== Problem to work on ==
Print the data below exactly, but only the lines from the one containing "Victron Energy battery" down to the one containing "Women's Floral Print", inclusive.

== Supplied information ==
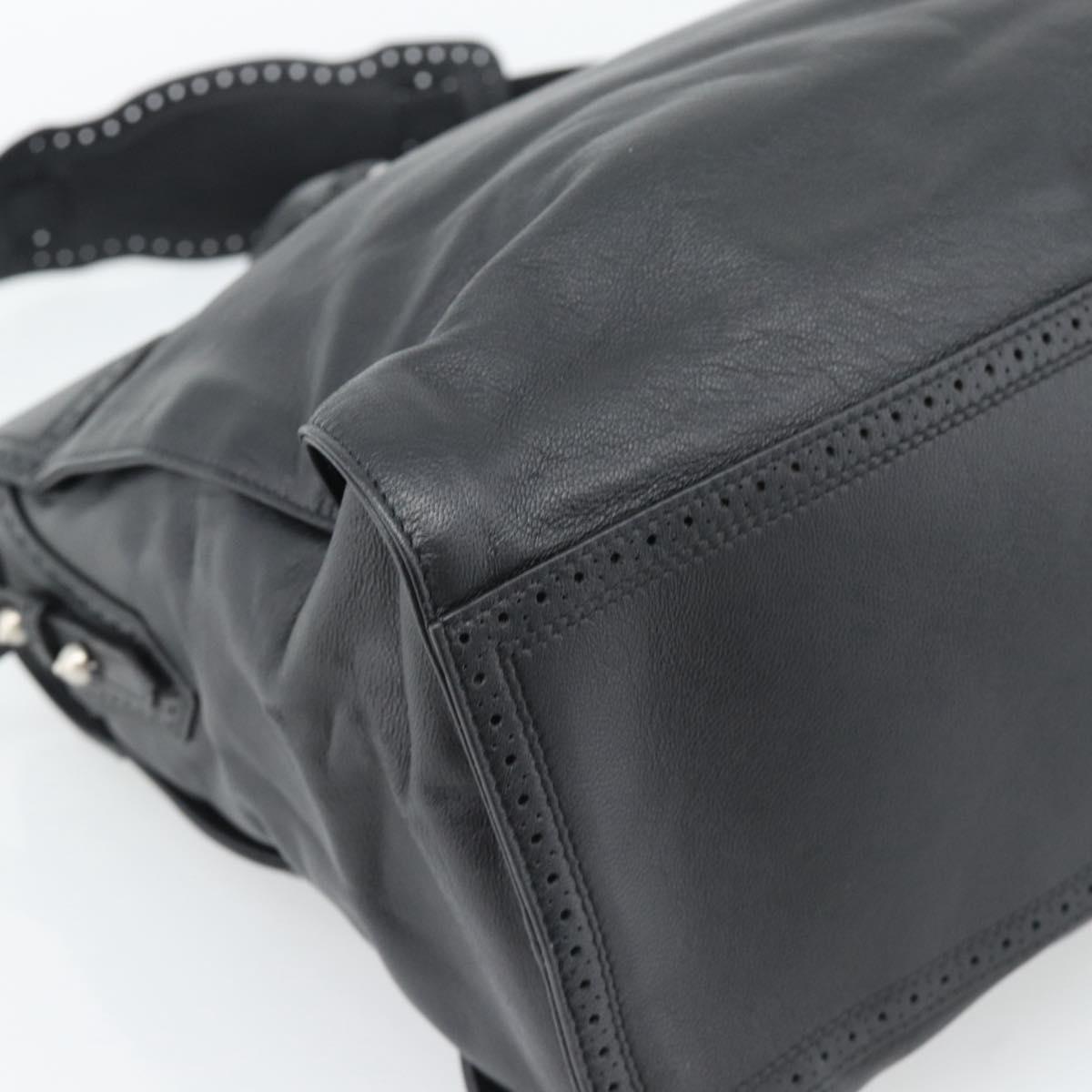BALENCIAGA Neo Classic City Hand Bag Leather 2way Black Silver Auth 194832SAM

* * *

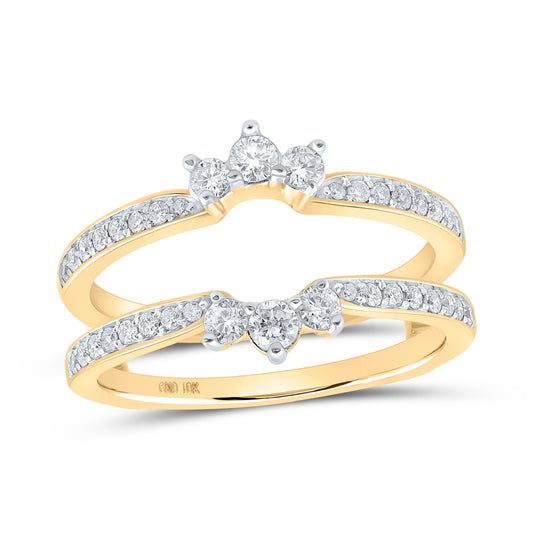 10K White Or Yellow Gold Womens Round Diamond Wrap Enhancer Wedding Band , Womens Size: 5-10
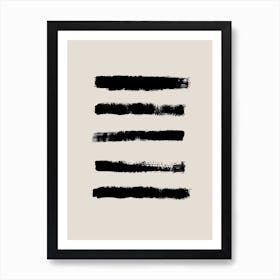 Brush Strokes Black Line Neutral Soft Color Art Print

* * *

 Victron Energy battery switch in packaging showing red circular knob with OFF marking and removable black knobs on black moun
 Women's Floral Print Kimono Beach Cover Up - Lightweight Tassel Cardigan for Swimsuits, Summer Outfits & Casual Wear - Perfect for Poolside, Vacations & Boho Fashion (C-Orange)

== Answer to the problem ==
 Victron Energy battery switch in packaging showing red circular knob with OFF marking and removable black knobs on black moun
 Women's Floral Print Kimono Beach Cover Up - Lightweight Tassel Cardigan for Swimsuits, Summer Outfits & Casual Wear - Perfect for Poolside, Vacations & Boho Fashion (C-Orange)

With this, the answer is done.